In the material below, write out each line word for word and omit the pictures.

INFORMATION SUPPLIED START

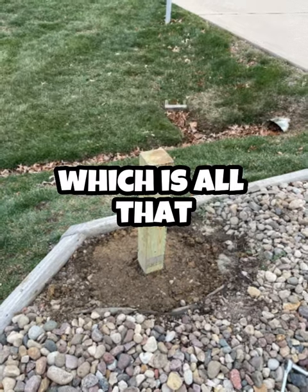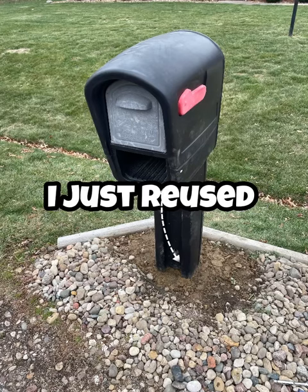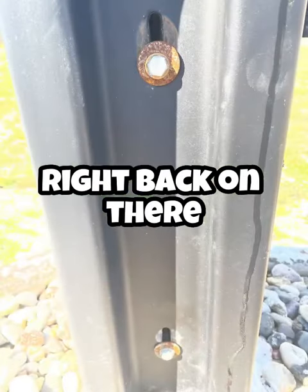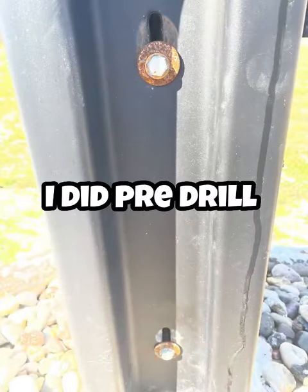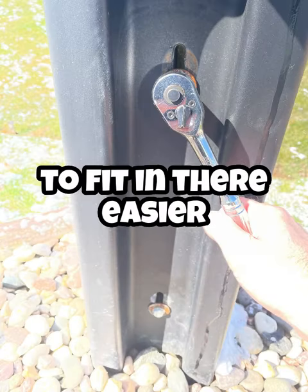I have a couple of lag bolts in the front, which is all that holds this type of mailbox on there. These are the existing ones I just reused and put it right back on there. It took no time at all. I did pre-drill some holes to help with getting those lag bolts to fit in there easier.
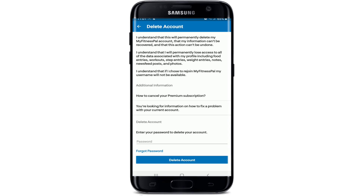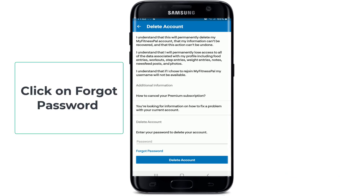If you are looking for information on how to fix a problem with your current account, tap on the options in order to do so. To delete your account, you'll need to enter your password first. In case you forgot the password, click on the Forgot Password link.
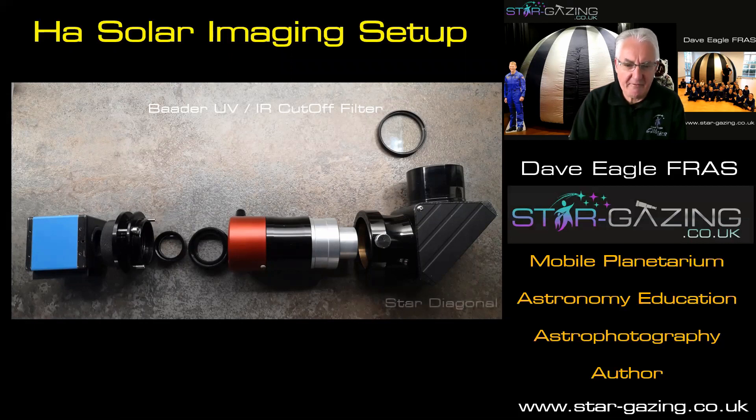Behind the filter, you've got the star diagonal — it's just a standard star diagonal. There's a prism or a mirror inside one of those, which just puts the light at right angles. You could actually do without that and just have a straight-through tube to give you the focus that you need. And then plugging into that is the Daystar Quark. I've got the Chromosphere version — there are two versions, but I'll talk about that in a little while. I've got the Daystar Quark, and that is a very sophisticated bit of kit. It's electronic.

INFORMATION SUPPLIED END

§ OUTPUT BELOW:
I have a couple of lag bolts in the front, which is all that holds this type of mailbox on there. These are the existing ones I just reused and put it right back on there. It took no time at all. I did pre-drill some holes to help with getting those lag bolts to fit in there easier.
If you are looking for information on how to fix a problem with your current account, tap on the options in order to do so. To delete your account, you'll need to enter your password first. In case you forgot the password, click on the Forgot Password link.
Behind the filter, you've got the star diagonal — it's just a standard star diagonal. There's a prism or a mirror inside one of those, which just puts the light at right angles. You could actually do without that and just have a straight-through tube to give you the focus that you need. And then plugging into that is the Daystar Quark. I've got the Chromosphere version — there are two versions, but I'll talk about that in a little while. I've got the Daystar Quark, and that is a very sophisticated bit of kit. It's electronic.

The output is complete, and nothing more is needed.